*** Data excerpt ***

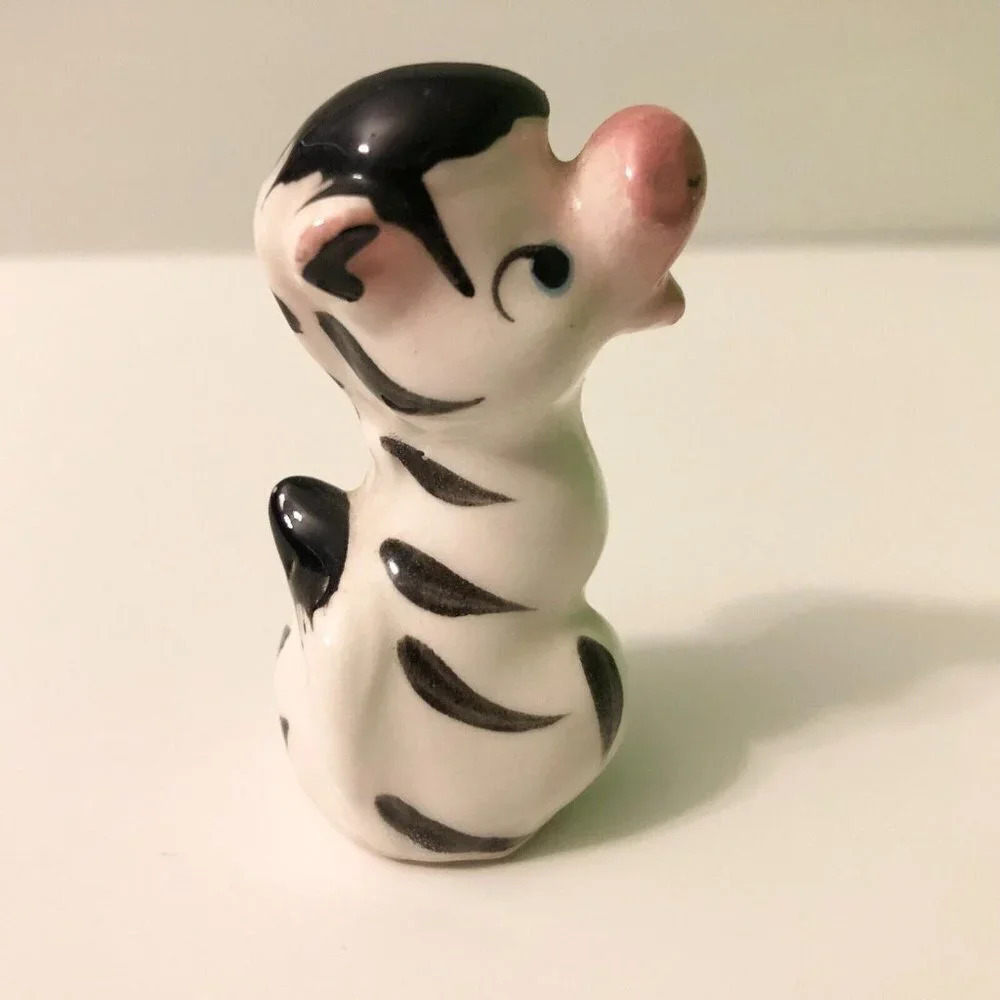 Vintage Tiny Zebra Ceramic Figurine Japan 2.25 Inch Tall Collectible Figure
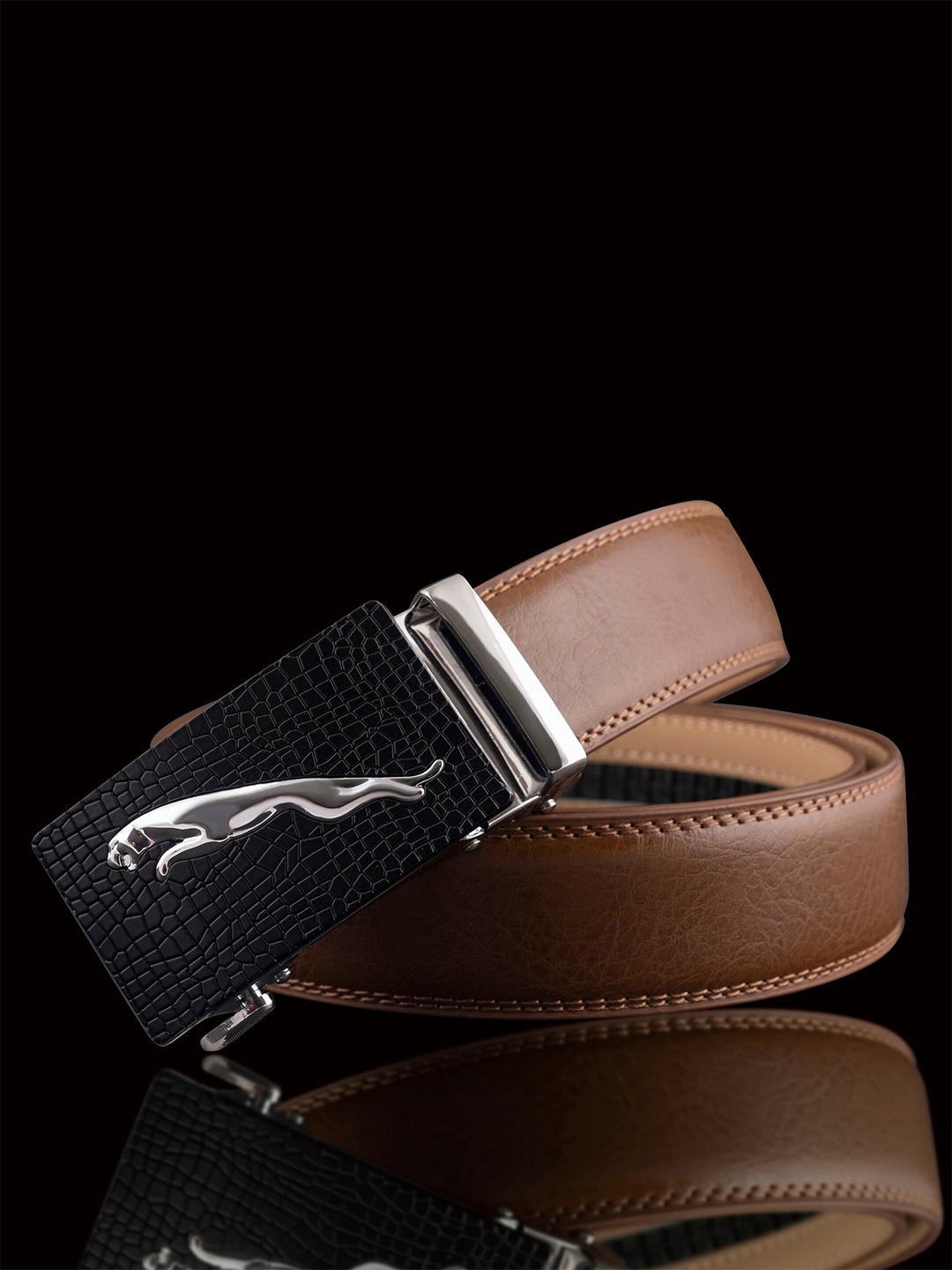 

NAEVE Men Leather Slider Buckle Belt, Tan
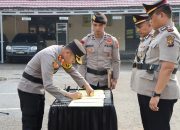 Kapolres Muara Enim Pimpin Upacara Serah Terima Jabatan Kasat Narkoba Dan Pelantikan Kasat Reskrim Polres Muara Enim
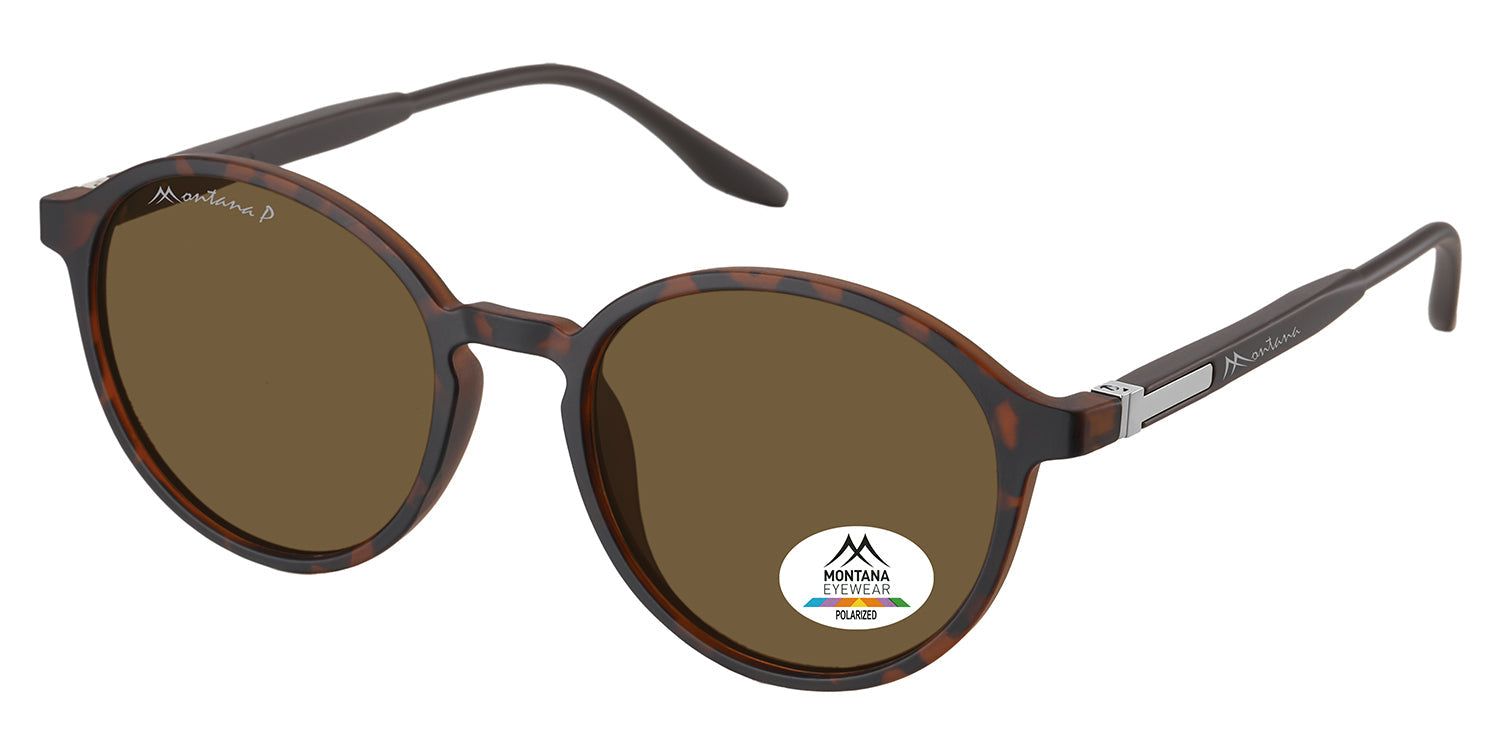 Lunettes de soleil, verres bruns, monture marron. Logo Montana Eyewear sur verre et branche.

*** End of Data excerpt ***

### [Exercise aim]
All of the material above should be set down again exactly, though not its pictures.

### [Answer box]
 Vintage Tiny Zebra Ceramic Figurine Japan 2.25 Inch Tall Collectible Figure

NAEVE Men Leather Slider Buckle Belt, Tan
 Kapolres Muara Enim Pimpin Upacara Serah Terima Jabatan Kasat Narkoba Dan Pelantikan Kasat Reskrim Polres Muara Enim
 Lunettes de soleil, verres bruns, monture marron. Logo Montana Eyewear sur verre et branche.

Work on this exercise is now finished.